Although the game was played on the Knicks’ home court, the near-capacity crowd made it clear that Maccabi was the de facto home team. (Most preseason contests draw about 10% to 15% of Garden capacity.) From the opening bars of “Hatikvah,” performed before the game by Israeli-born cantor and Broadway star Dudu Fisher, to the final buzzer, every section rippled blue and white with waving Israeli flags, while homemade signs written in Hebrew were proudly displayed. Every Jewish youth group within 100 miles seemed to be represented.
At the concession stands, gray-bearded black hats waited on line with droves of teens wearing Patrick Ewing jerseys and yarmulkes. They chose between Mendy’s glatt kosher pastrami or corned beef sandwiches.
Maccabi Tel Aviv’s basketball team has been the premier club in Israel since the Israeli Basketball League was founded in 1954. The team has won 47 Israeli Championships and five European basketball championships. The team is currently in rebuilding mode, with three of its former stars having jumped to the NBA last year.
Although the game’s final score wasn’t even close (the Knicks won, 112-85), New York got off to a slow start and Maccabi held the lead through most of the first half. Both squads were missing their starting centers due to injuries, so the play was fast and guard-oriented. The Knicks continued raising the tempo of play, eventually forcing the Maccabi players to rush their shots. Israeli guard Yotam Halperin only scored six points, while turning over the ball nine times. American-born forward David Blumenthal, who holds Israeli citizenship, missed 11 of 13 shots.

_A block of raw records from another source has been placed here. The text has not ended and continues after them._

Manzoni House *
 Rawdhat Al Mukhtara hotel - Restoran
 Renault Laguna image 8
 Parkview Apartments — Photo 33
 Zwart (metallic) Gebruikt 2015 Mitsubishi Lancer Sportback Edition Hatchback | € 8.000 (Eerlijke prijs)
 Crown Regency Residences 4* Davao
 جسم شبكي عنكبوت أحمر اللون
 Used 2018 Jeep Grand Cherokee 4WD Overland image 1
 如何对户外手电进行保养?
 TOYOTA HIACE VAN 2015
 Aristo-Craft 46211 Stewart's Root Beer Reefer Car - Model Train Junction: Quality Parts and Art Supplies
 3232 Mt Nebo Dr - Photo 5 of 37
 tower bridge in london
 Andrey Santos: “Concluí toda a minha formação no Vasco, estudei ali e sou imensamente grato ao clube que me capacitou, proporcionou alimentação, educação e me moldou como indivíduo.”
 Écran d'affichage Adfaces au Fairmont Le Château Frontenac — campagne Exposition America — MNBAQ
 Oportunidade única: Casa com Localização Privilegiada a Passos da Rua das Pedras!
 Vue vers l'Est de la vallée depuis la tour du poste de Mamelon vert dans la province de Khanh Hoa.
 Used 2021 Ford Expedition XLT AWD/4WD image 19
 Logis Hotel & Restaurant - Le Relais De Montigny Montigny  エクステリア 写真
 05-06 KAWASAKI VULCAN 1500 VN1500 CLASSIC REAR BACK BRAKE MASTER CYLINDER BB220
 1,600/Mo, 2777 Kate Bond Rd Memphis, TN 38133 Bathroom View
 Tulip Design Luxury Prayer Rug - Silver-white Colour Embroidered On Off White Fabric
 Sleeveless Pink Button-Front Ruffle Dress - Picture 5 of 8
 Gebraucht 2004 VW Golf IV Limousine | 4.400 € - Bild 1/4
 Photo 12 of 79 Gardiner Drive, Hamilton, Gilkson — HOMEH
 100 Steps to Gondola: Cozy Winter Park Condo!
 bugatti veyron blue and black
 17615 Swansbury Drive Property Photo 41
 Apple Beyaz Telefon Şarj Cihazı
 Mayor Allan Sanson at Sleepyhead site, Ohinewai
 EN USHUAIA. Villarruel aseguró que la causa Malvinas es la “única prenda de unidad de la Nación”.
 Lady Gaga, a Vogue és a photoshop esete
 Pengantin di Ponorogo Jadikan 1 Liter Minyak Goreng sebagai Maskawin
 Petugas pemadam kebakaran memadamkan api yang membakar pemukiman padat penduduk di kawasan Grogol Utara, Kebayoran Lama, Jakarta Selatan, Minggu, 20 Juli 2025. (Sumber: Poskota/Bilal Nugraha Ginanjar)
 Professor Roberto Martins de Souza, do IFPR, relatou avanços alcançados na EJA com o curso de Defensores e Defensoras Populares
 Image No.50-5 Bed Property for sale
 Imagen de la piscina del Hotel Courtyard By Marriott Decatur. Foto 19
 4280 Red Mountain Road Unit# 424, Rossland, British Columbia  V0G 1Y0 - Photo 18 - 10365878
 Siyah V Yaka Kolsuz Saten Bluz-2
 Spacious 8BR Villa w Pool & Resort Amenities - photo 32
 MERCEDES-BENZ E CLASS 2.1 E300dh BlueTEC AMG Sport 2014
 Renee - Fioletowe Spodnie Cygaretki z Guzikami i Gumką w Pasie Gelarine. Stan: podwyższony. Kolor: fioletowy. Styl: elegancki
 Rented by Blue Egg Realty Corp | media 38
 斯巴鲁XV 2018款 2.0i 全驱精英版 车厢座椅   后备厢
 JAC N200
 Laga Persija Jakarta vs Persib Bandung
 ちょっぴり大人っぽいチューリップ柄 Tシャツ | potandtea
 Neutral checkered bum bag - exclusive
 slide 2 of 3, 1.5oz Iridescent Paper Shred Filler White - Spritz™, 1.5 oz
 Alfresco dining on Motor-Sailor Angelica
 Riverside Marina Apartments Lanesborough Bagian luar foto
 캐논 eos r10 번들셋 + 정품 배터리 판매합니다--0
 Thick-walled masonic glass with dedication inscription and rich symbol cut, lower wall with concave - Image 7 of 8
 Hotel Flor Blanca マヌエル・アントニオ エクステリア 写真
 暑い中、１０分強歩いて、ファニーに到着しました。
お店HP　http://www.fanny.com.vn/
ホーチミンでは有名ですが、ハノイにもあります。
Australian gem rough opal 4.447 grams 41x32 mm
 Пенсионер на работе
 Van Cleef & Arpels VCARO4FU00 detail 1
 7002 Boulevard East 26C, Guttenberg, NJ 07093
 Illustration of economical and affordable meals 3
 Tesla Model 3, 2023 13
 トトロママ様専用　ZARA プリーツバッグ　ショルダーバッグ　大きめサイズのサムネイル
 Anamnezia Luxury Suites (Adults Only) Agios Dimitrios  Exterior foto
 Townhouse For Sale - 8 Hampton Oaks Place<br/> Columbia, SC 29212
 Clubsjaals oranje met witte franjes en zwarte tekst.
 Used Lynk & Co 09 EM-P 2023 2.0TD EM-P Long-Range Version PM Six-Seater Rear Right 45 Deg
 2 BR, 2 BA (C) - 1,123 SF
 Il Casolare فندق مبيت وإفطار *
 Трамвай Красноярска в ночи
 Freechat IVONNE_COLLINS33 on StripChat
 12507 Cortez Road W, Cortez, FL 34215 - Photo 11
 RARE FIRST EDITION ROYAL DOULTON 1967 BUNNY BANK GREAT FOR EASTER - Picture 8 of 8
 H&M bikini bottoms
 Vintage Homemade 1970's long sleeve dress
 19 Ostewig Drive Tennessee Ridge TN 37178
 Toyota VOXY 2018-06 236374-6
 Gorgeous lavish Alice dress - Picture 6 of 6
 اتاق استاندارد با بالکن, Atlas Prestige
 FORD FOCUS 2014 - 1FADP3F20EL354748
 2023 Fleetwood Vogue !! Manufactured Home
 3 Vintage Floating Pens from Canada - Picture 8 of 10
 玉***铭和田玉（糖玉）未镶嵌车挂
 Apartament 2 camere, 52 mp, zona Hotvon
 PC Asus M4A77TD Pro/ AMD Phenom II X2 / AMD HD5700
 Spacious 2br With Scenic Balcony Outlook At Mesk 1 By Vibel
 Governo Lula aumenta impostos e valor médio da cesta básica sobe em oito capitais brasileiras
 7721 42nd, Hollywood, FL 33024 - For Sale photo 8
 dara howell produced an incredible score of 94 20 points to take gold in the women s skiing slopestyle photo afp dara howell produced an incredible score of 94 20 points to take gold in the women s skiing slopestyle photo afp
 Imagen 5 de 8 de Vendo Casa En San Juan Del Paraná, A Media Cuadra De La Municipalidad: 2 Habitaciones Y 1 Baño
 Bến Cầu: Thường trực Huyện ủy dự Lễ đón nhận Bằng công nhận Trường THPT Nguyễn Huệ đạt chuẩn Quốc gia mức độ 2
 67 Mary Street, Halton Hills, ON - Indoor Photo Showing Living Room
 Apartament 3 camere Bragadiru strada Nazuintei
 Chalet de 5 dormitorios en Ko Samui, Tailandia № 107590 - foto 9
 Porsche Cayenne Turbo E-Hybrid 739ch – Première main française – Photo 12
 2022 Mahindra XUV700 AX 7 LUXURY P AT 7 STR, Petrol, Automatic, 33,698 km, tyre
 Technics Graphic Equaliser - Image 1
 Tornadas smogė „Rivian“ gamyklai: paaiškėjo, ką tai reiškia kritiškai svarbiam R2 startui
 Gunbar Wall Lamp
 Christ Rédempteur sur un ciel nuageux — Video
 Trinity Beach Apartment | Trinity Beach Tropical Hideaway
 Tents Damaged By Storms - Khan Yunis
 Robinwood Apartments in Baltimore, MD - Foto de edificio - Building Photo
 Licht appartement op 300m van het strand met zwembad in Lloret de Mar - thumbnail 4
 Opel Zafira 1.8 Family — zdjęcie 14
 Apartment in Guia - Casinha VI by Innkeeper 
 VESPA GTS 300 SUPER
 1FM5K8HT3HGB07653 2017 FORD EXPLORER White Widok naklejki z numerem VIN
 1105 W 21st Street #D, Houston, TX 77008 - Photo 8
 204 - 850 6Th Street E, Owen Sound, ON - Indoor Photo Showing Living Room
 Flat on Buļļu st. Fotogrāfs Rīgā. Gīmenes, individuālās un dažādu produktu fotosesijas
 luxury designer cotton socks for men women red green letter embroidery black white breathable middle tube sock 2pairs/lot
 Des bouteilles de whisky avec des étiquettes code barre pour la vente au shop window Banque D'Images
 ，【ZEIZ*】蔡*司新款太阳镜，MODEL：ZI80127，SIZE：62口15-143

But Maccabi also had some shining moments. Former NBA guard Vonteego Cummings, who caused chuckles with his chutzpah when he guaranteed a victory in a Ha’aretz interview a few days before the game, seemed unstoppable at times, scoring 21 points. Former Chicago Bulls forward Marcus Fizer was the only force that Maccabi had under the basket, scoring 18 points while hauling in a dozen rebounds. Newly signed with the team, he described playing in Israel as “incredible,” though when asked how his Hebrew was coming along, he quipped, “I haven’t even started yet.”
This wasn’t the first time Maccabi Tel Aviv fielded a squad against an NBA team. In 1978, Maccabi upset that year’s NBA champion, the Washington Bullets, in an exhibition game, while two years ago the team beat the Toronto Raptors.
The game was a charity event, benefiting Migdal Ohr. The organization, which hosted and sponsored the game, provides education and support for underprivileged, abused and new immigrant children in Israel.